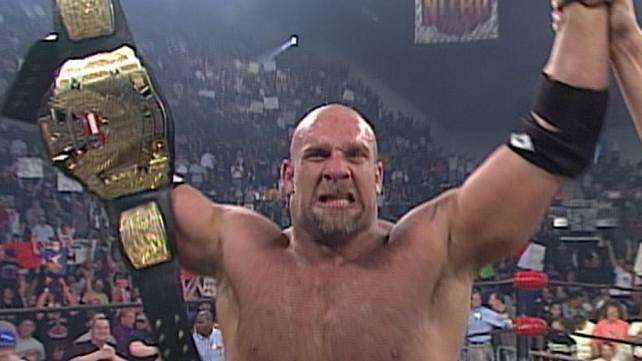 Goldberg with the WCW Championship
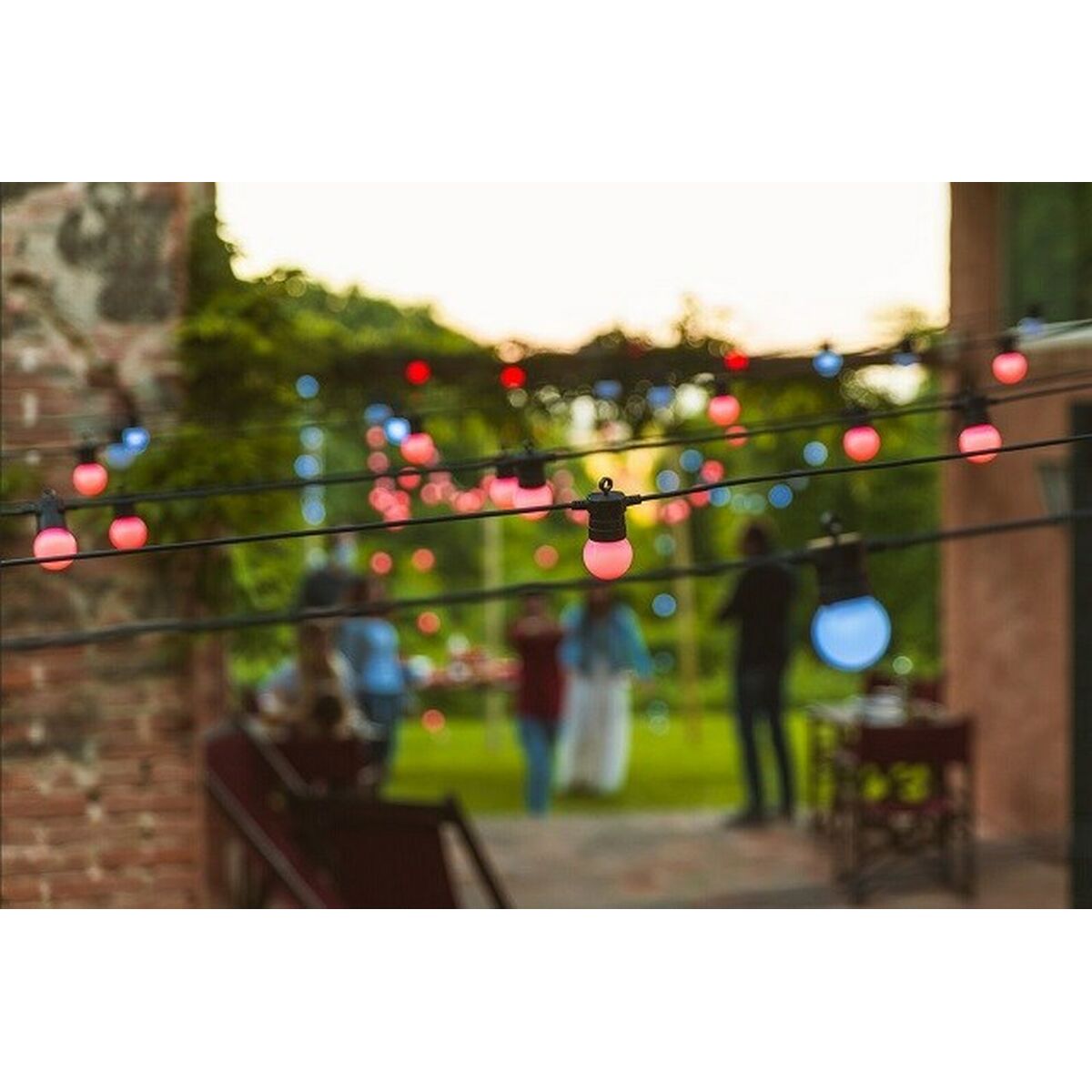 LED-krans Twinkly TWF020STP-BEU Svart Multicolour G Modern - 3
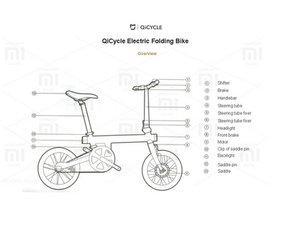 Xiaomi qicycle electric clearance folding bike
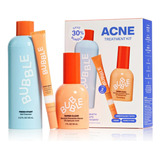 Bubble Skincare Kit Para Piel Con Acne Importado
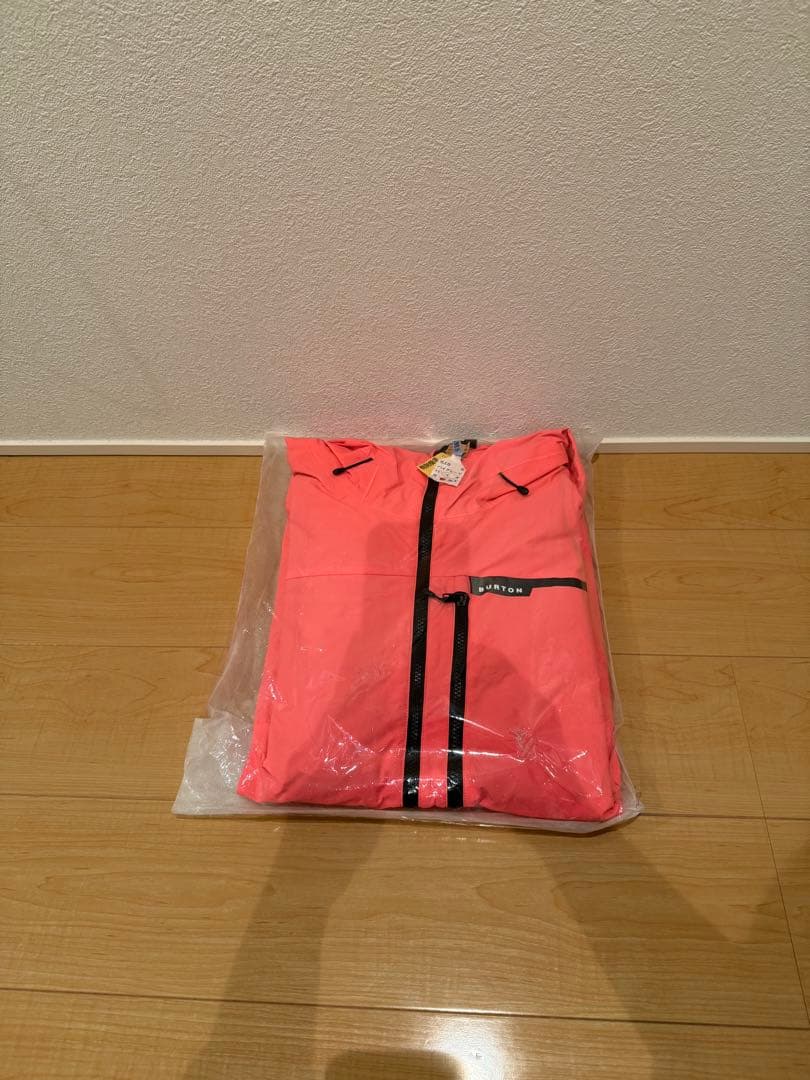 BURTON フード付きスノーボードウェア Lサイズ ピンク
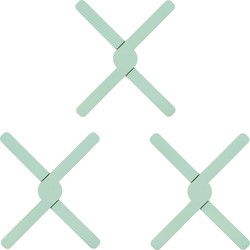 Krumble Opvouwbare siliconen pannenonderzetter - Groen - Set van 3
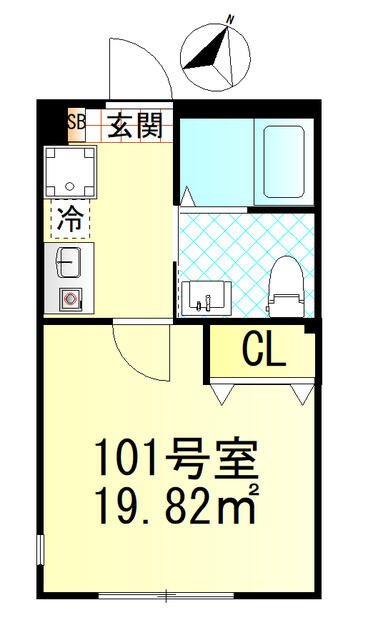Ｂｌｏｏｍ元住吉の間取り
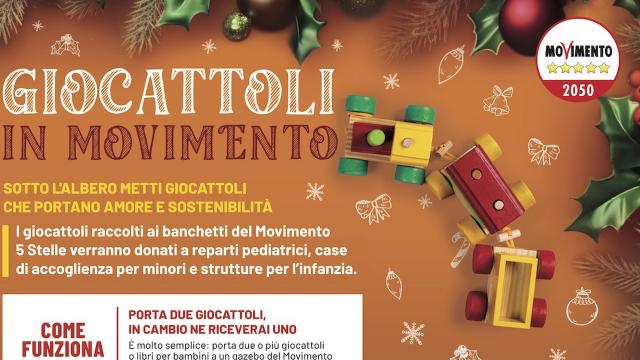 Iniziativa Movimento 5 Stelle: ad Ascoli arriva 'Giocattoli in Movimento'. Raccolta e scambio solidale di giochi 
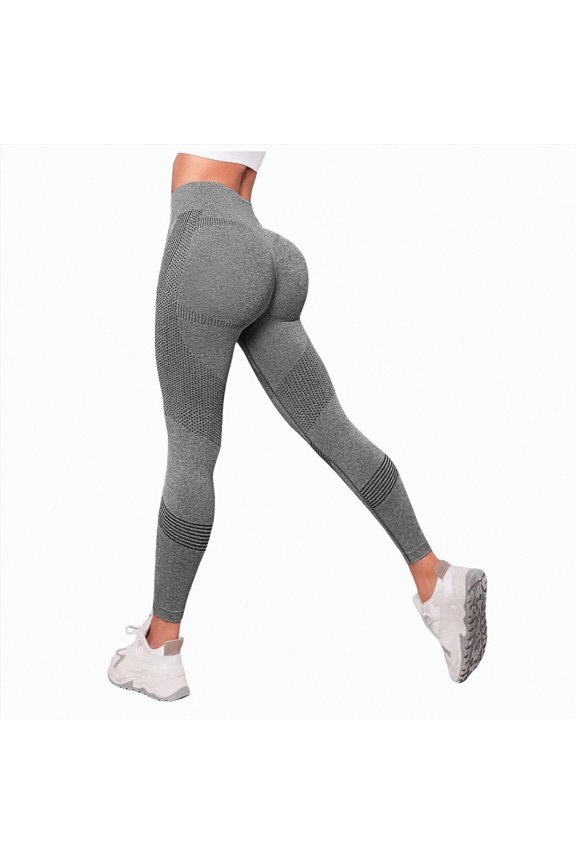 Fleece Lined Leggings for Women – Thick Winter Warm Thermal High Waisted Tummy Control Workout Yoga Pants Sweatpants Women,Grey,XL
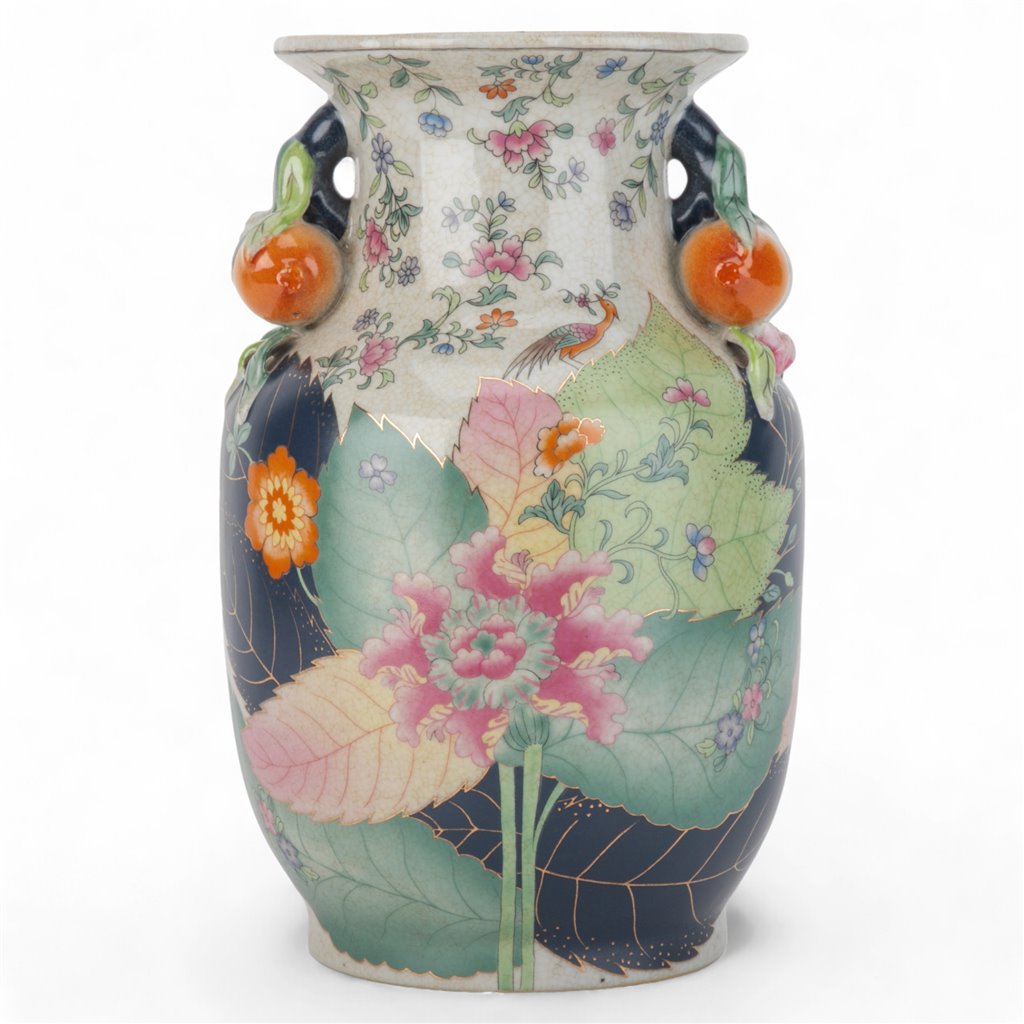 Danny's Fine Porcelain Porcelain Vase - Tobacco Leaf (predrilled Hole)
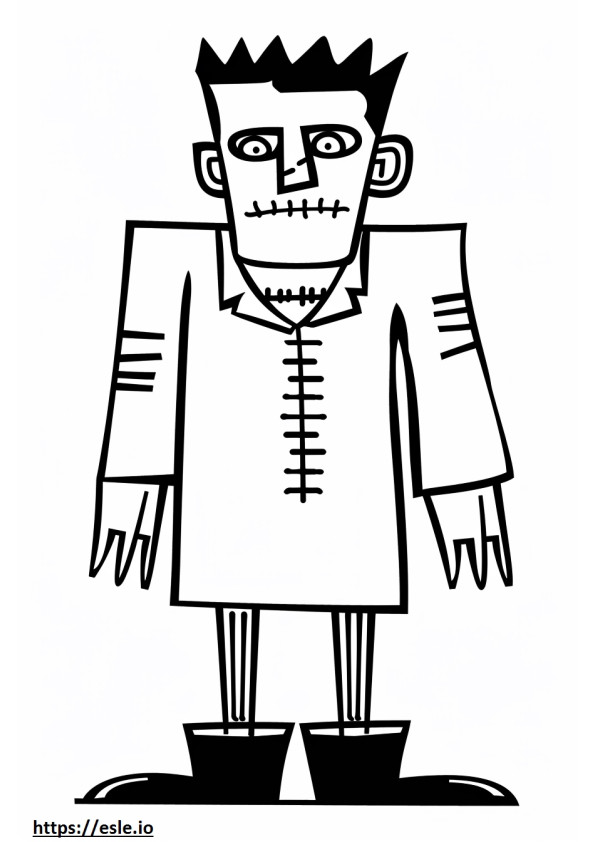 Crankenstein coloriage a imprimer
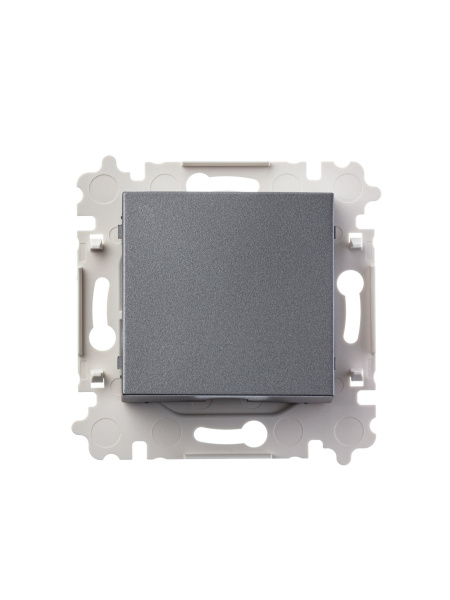 Купить ABB EPJ Levit сталь / дымчатый чёрный Кабельный вывод, сталь 2CHH480034A6069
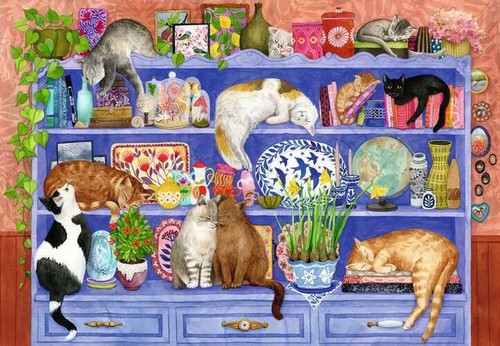Puzzle katzen im - (200, t.)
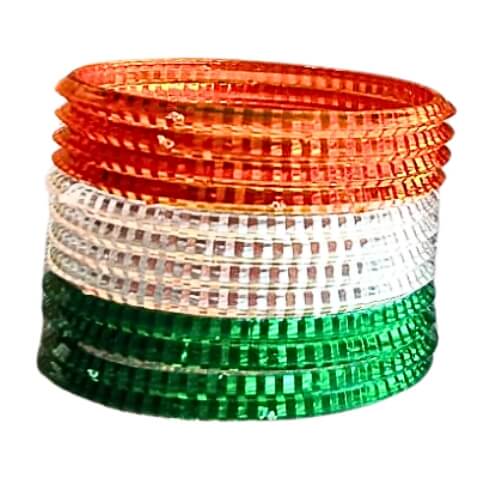 tricolour bangle set 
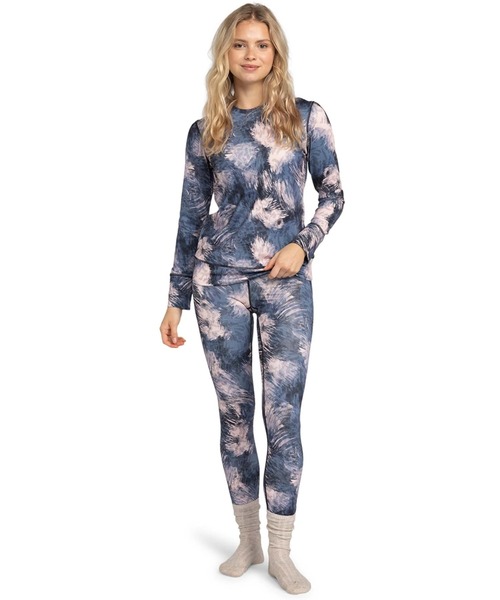ROXY(ロキシー)の「DAYBREAK BRUSHED PAN /ロキシー総柄スキースノーボード吸湿速乾ストレッチレイヤー・インナー(その他パンツ・レディース・ブラック・SMALL/MEDIUM/LARGE)」の4枚目の写真
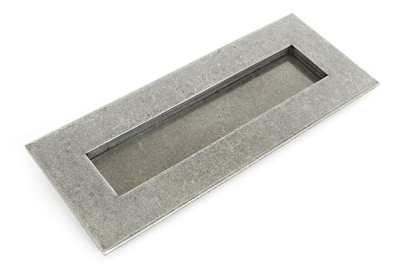 Pewter Patina Letter Plate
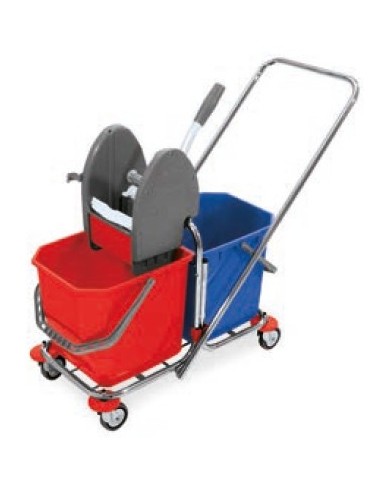 E2.25.80 Carrello duo 2x25lt con manico e 4100PR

######

- _YOUR OBJECTIVE_: Nothing but the lines from the line containing "LED-krans Twinkly TWF020STP-BEU" through the last line of the records above is to be extracted, exactly and with no pictures.

- _THE COMPLETED TASK_:
 LED-krans Twinkly TWF020STP-BEU Svart Multicolour G Modern - 3
 Xiaomi qicycle electric clearance folding bike
 Bubble Skincare Kit Para Piel Con Acne Importado
 BURTON フード付きスノーボードウェア Lサイズ ピンク
 Krumble Opvouwbare siliconen pannenonderzetter - Groen - Set van 3
Ｂｌｏｏｍ元住吉の間取り
 Iniziativa Movimento 5 Stelle: ad Ascoli arriva 'Giocattoli in Movimento'. Raccolta e scambio solidale di giochi 
 Fleece Lined Leggings for Women – Thick Winter Warm Thermal High Waisted Tummy Control Workout Yoga Pants Sweatpants Women,Grey,XL
 Danny's Fine Porcelain Porcelain Vase - Tobacco Leaf (predrilled Hole)
 Crankenstein coloriage a imprimer
 Купить ABB EPJ Levit сталь / дымчатый чёрный Кабельный вывод, сталь 2CHH480034A6069
Puzzle katzen im - (200, t.)
 tricolour bangle set 
ROXY(ロキシー)の「DAYBREAK BRUSHED PAN /ロキシー総柄スキースノーボード吸湿速乾ストレッチレイヤー・インナー(その他パンツ・レディース・ブラック・SMALL/MEDIUM/LARGE)」の4枚目の写真
 Pewter Patina Letter Plate
 E2.25.80 Carrello duo 2x25lt con manico e 4100PR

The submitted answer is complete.